> [DIRECTIONS FOR THIS TASK]
Copy each line below exactly and leave the pictures out.
::::::::::
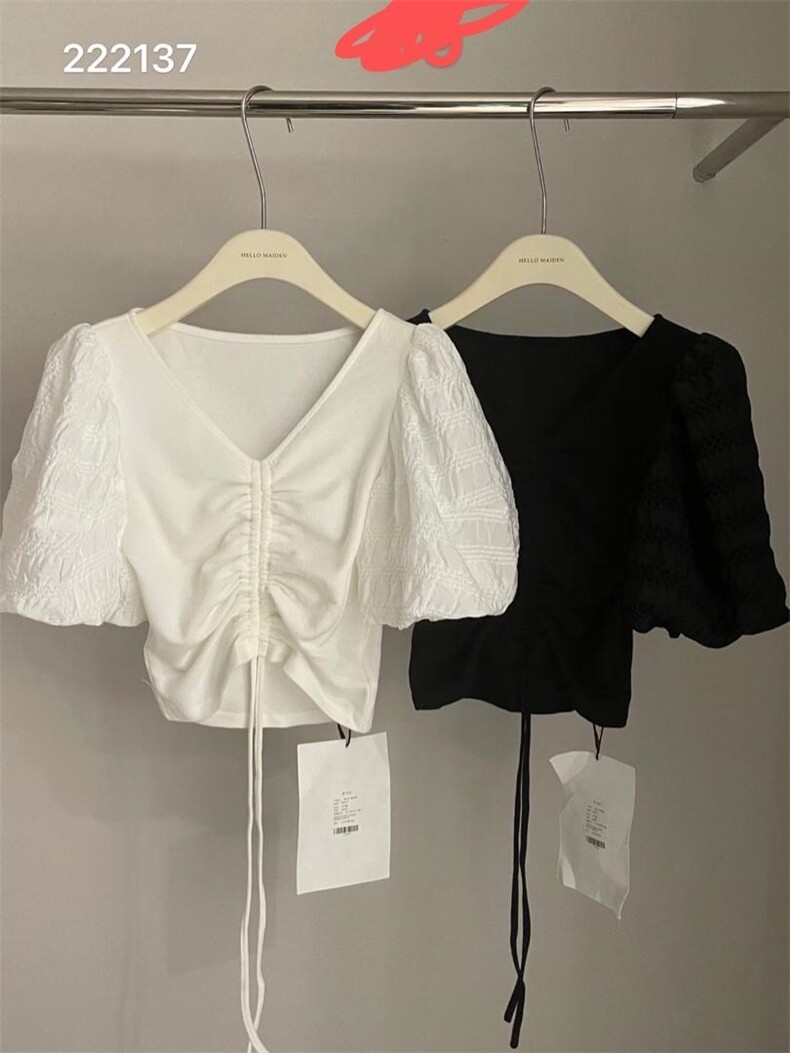 抽绳小衫，其它，BLACK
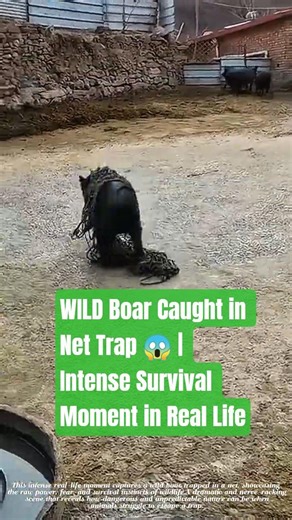 🔥 WILD Boar Caught in Net Trap 😱 | Intense Survival Moment in Real Life 🐗⚠️ #short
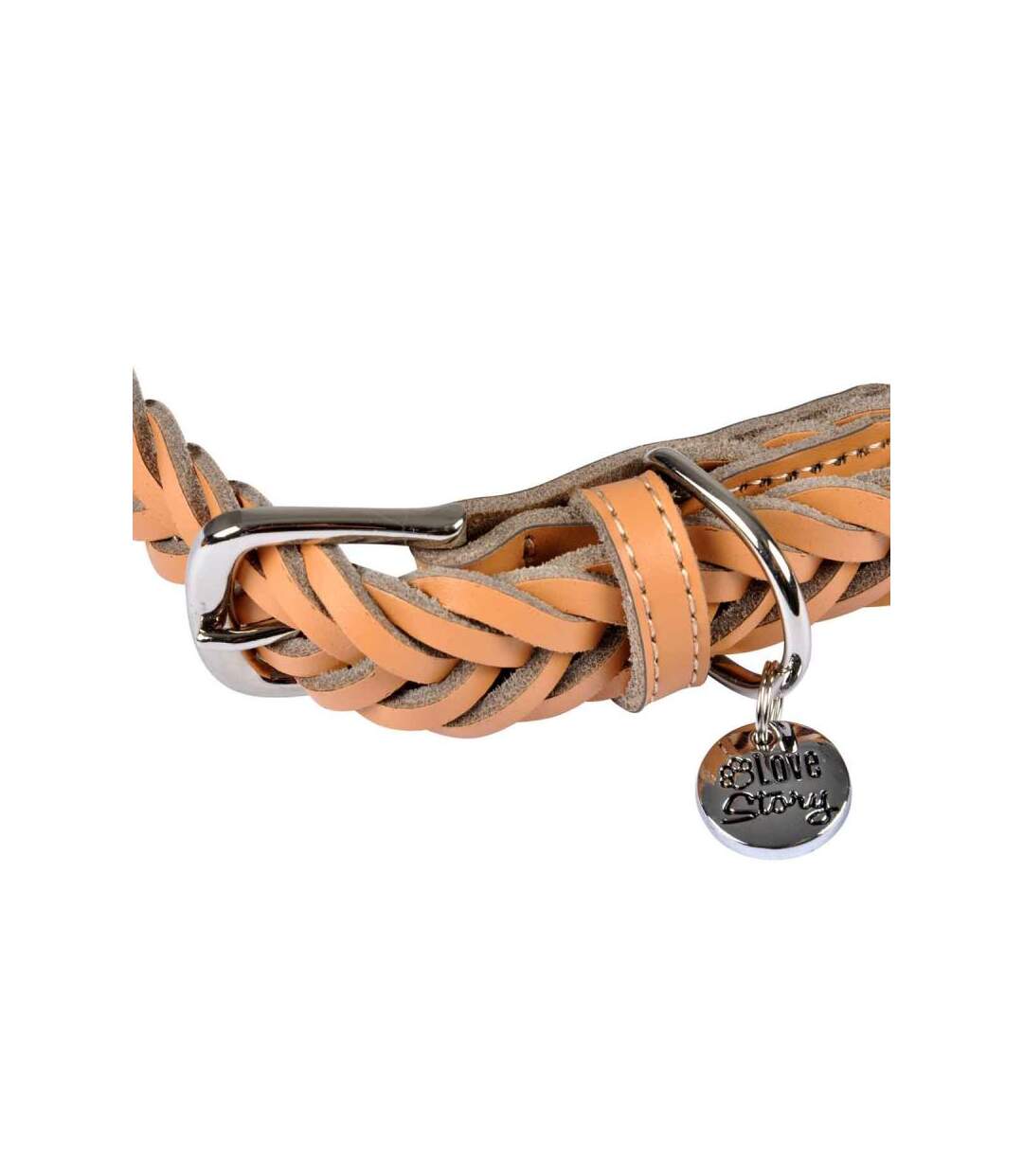 Paris Prix - Collier Pour Chien Réglable tressé 50-70cm Naturel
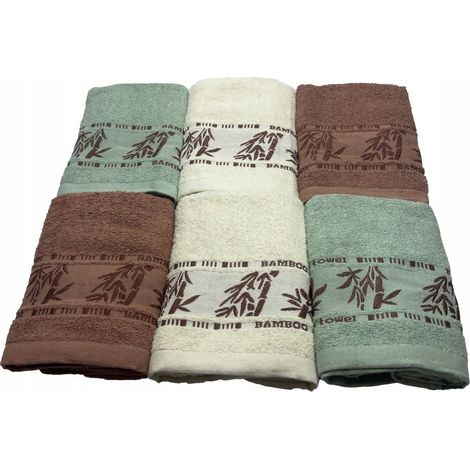 Juego de toallas Jacaria - estampado 4A menta, crudo, marrón 70x140cm 6 piezas (1/3)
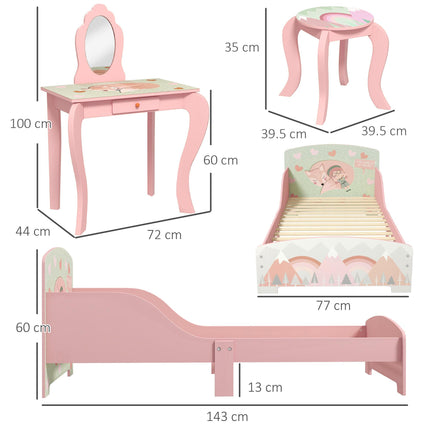 Toddler Bed Frame with Dressing Table, Mirror & Stool Kids Bedroom Furniture Set for Ages 3-6 - Pink
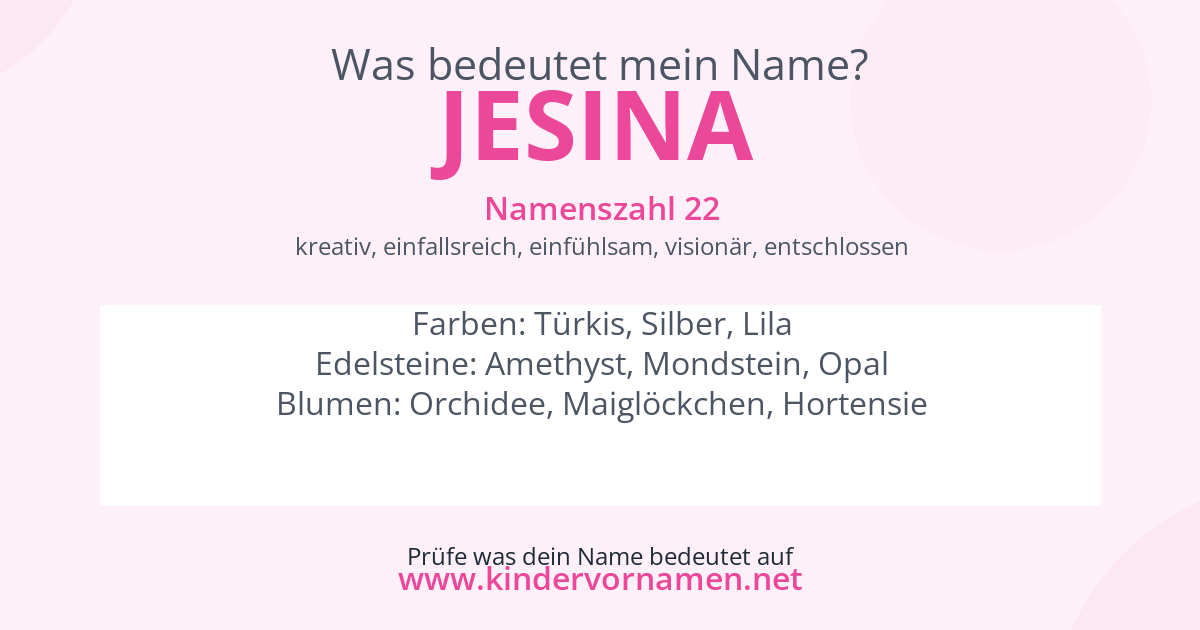 Was bedeutet der Name Jesina?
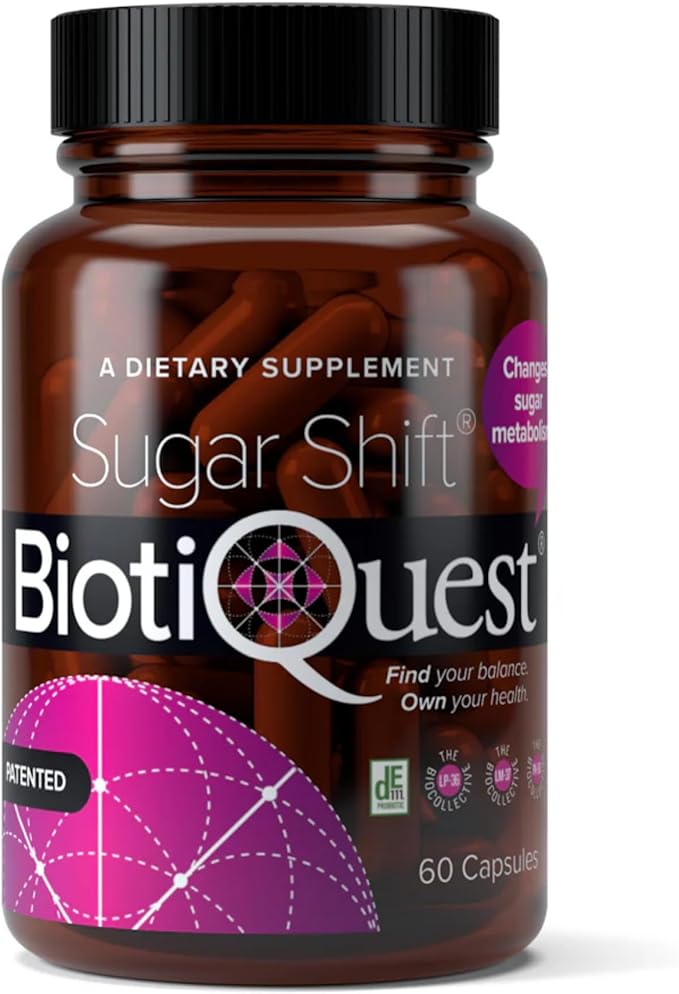 BiotiQuest Sugar Shift Probiotic | Helps Decrease Sugar &amp Carb Cravings and Supports Digestive Balance | 22 Billion CFU | Non-GMO Gluten-Free &amp Vegan | 60 Servings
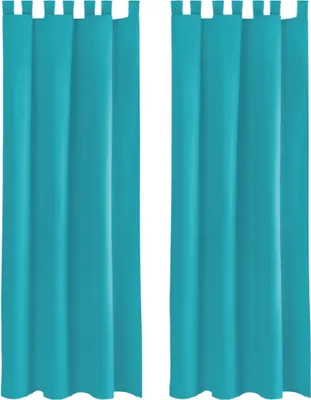 Immagine prodotto di 2x tende Ellen con passanti e ganci (turchese), dimensioni: 140x145cm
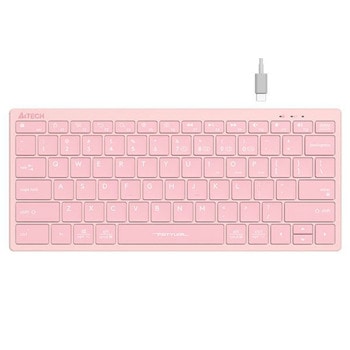 Клавиатура A4tech FBX51C FSTyler Baby pink, безжична, Bluetooth/Wireless, бутони с нисък профил, свързване едновременно с до 4 устройства, кирилизирана, розова | JAR Computers A4Tech FBX51C FSTyler Baby pink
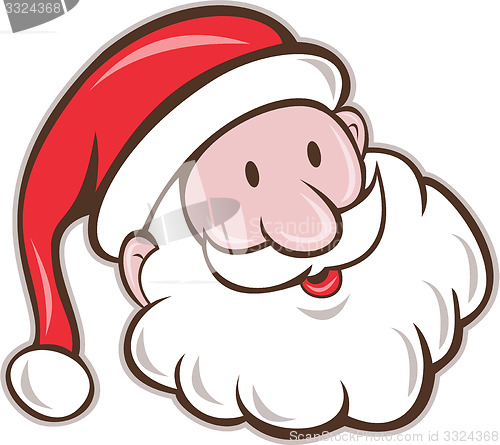 Image of Santa Claus Father Christmas Head Smiling Cartoon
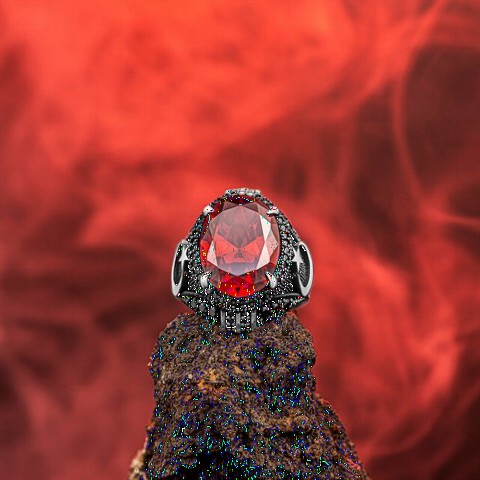 Zircon Stone Rings - خاتم فضة بحجر الزركون الأحمر مزخرف بنجمة القمر 100350300 - Turkey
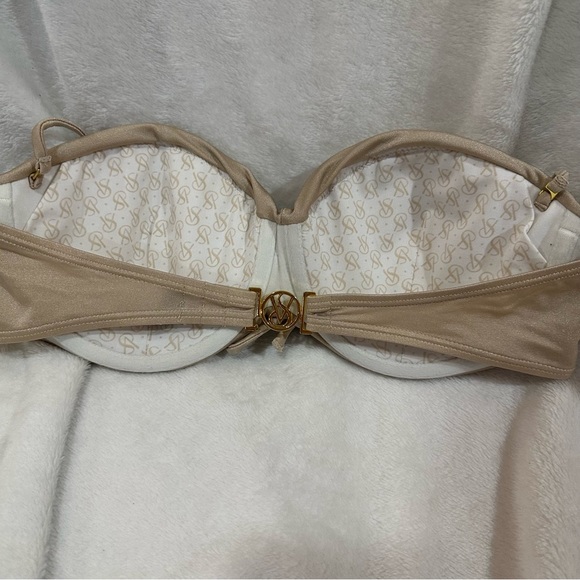 Victoria’s Secret bikini top. Gold/tan push-up, 36C - Picture 3 of 4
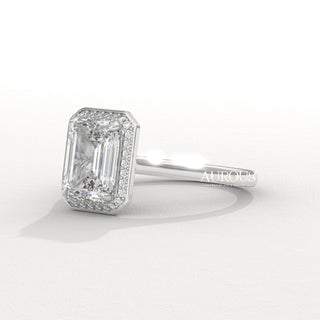 2.0CT Emerald Cut Diamond Halo Setting Moissanite Engagement Ring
::::::::::
> [OUTPUT OF THE TASK]
 抽绳小衫，其它，BLACK
 🔥 WILD Boar Caught in Net Trap 😱 | Intense Survival Moment in Real Life 🐗⚠️ #short
 Paris Prix - Collier Pour Chien Réglable tressé 50-70cm Naturel
 Juego de toallas Jacaria - estampado 4A menta, crudo, marrón 70x140cm 6 piezas (1/3)
 Toddler Bed Frame with Dressing Table, Mirror & Stool Kids Bedroom Furniture Set for Ages 3-6 - Pink
 Was bedeutet der Name Jesina?
 BiotiQuest Sugar Shift Probiotic | Helps Decrease Sugar &amp Carb Cravings and Supports Digestive Balance | 22 Billion CFU | Non-GMO Gluten-Free &amp Vegan | 60 Servings
 Immagine prodotto di 2x tende Ellen con passanti e ganci (turchese), dimensioni: 140x145cm
 Клавиатура A4tech FBX51C FSTyler Baby pink, безжична, Bluetooth/Wireless, бутони с нисък профил, свързване едновременно с до 4 устройства, кирилизирана, розова | JAR Computers A4Tech FBX51C FSTyler Baby pink
 Image of Santa Claus Father Christmas Head Smiling Cartoon
 Zircon Stone Rings - خاتم فضة بحجر الزركون الأحمر مزخرف بنجمة القمر 100350300 - Turkey
 Victoria’s Secret bikini top. Gold/tan push-up, 36C - Picture 3 of 4
 2.0CT Emerald Cut Diamond Halo Setting Moissanite Engagement Ring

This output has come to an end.